RECORDS FOR THE TASK
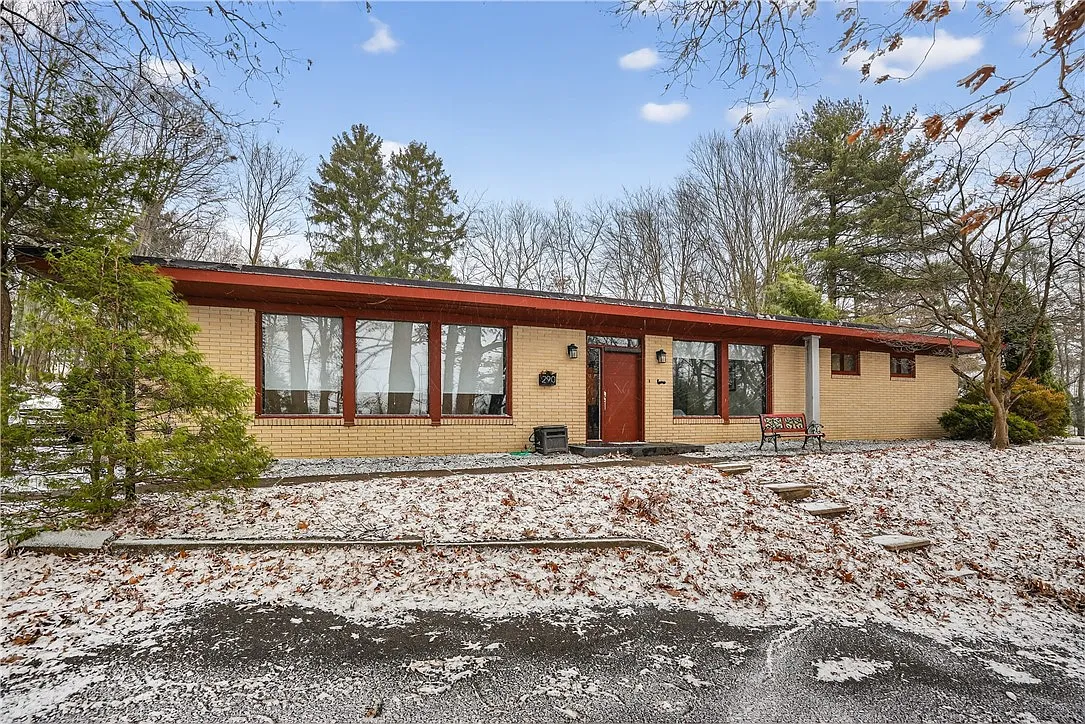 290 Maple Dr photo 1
--
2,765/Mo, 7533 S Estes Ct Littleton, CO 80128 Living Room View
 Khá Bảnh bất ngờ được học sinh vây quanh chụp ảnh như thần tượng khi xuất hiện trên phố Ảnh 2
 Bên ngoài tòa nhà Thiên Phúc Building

WHAT TO DO
Return a word-for-word copy of the lines above from the one holding "Khá Bảnh bất" through the one holding "Bên ngoài tòa nhà Thiên Phúc Building", with both of them included and nothing besides.

RESULT FOR THIS EXERCISE
 Khá Bảnh bất ngờ được học sinh vây quanh chụp ảnh như thần tượng khi xuất hiện trên phố Ảnh 2
 Bên ngoài tòa nhà Thiên Phúc Building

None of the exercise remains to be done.